What you have to do -
Retype exactly the lines from the one containing "Футболка с длинным" through the last line of the records below, including both, and leave out any pictures.
[[ Data, beginning ]]
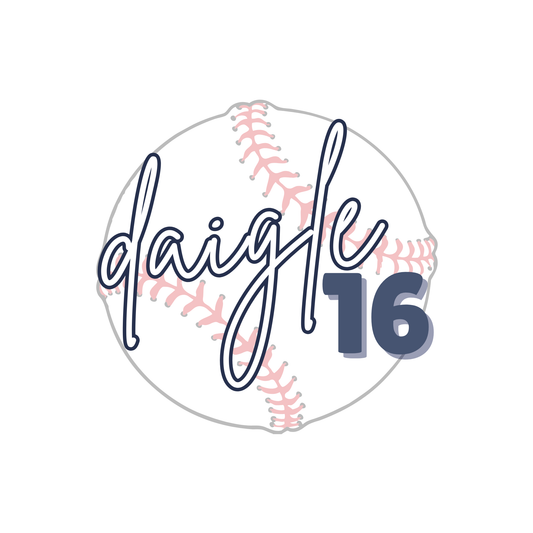 Name and Number Baseball Design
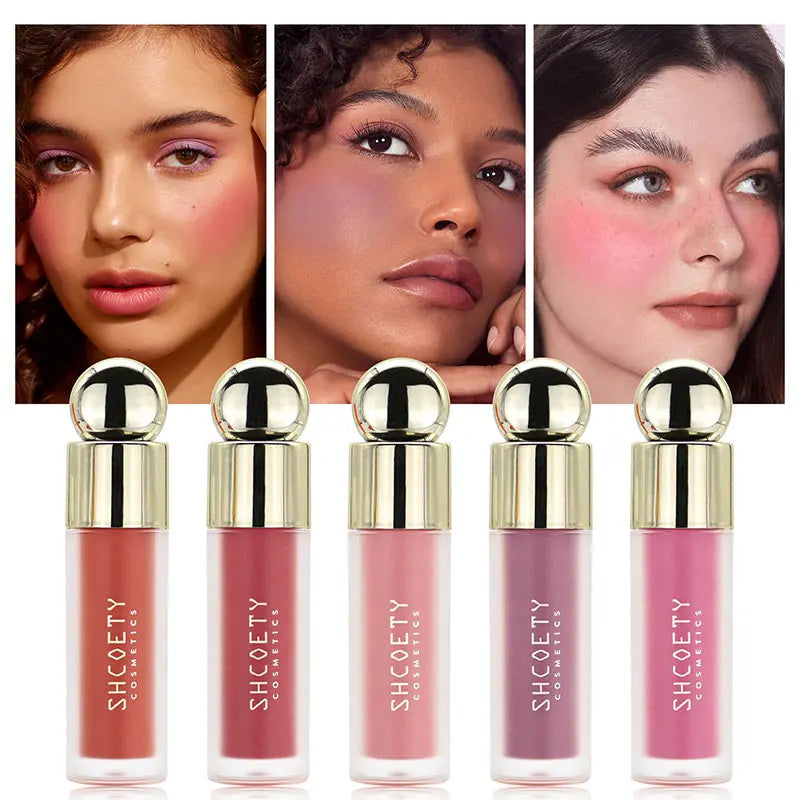 New Liquid Cheek Blush Facial Nourishing Blusher Gel Cream Multi-purpose For Eyes Lips Makeup Blush Stick Cosmetics With Sponge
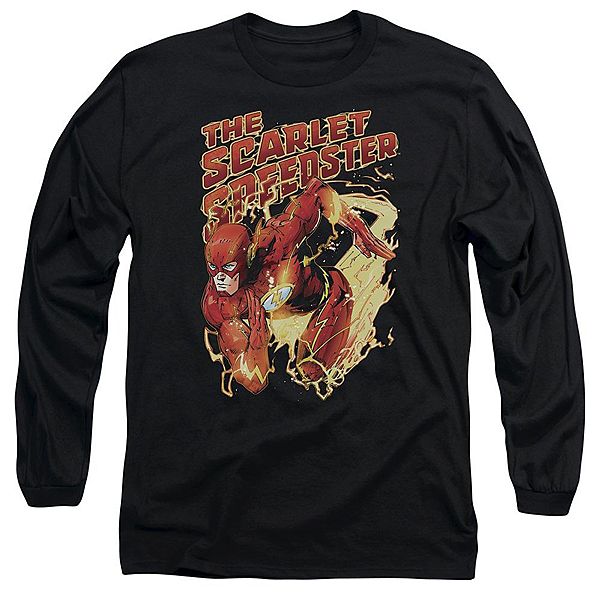 

Футболка с длинным рукавом adult justice league of america scarlet speedster Licensed Character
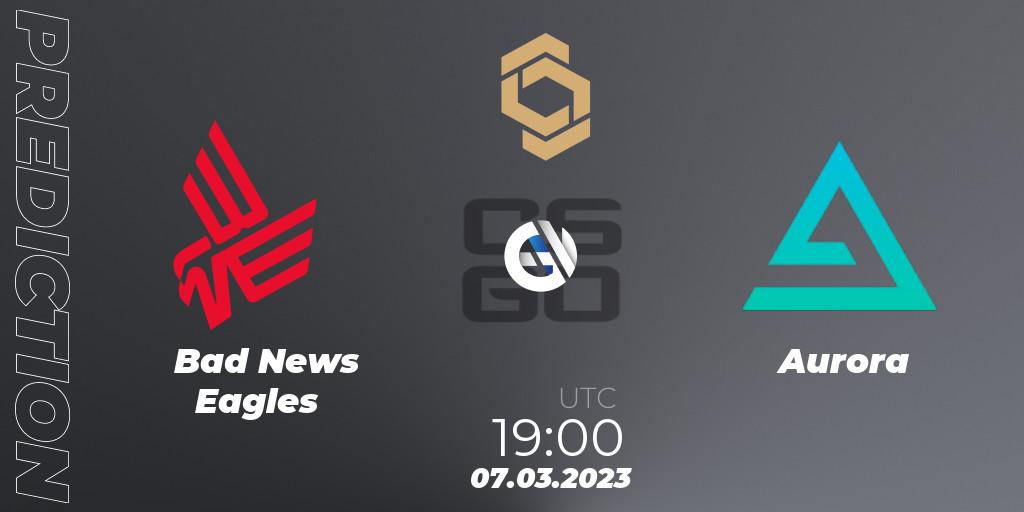 Bad News Eagles - Aurora: прогноз. 07.03.2023 at 19:00, Counter-Strike (CS2), CCT South Europe Series #3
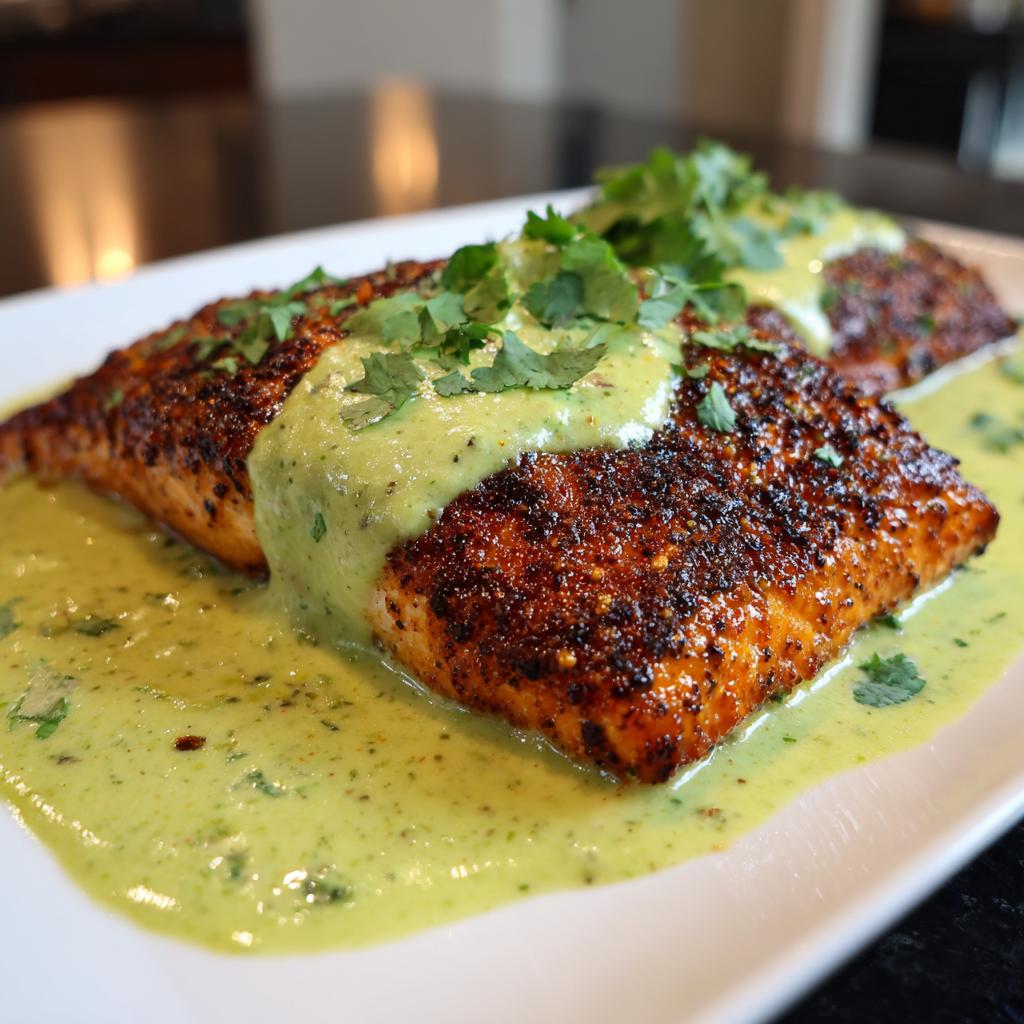 Baked Cajun Salmon | Creamy Avocado Lime Sauce - detail 4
[[ Data, end ]]
Your response -
Футболка с длинным рукавом adult justice league of america scarlet speedster Licensed Character
 Bad News Eagles - Aurora: прогноз. 07.03.2023 at 19:00, Counter-Strike (CS2), CCT South Europe Series #3
 Baked Cajun Salmon | Creamy Avocado Lime Sauce - detail 4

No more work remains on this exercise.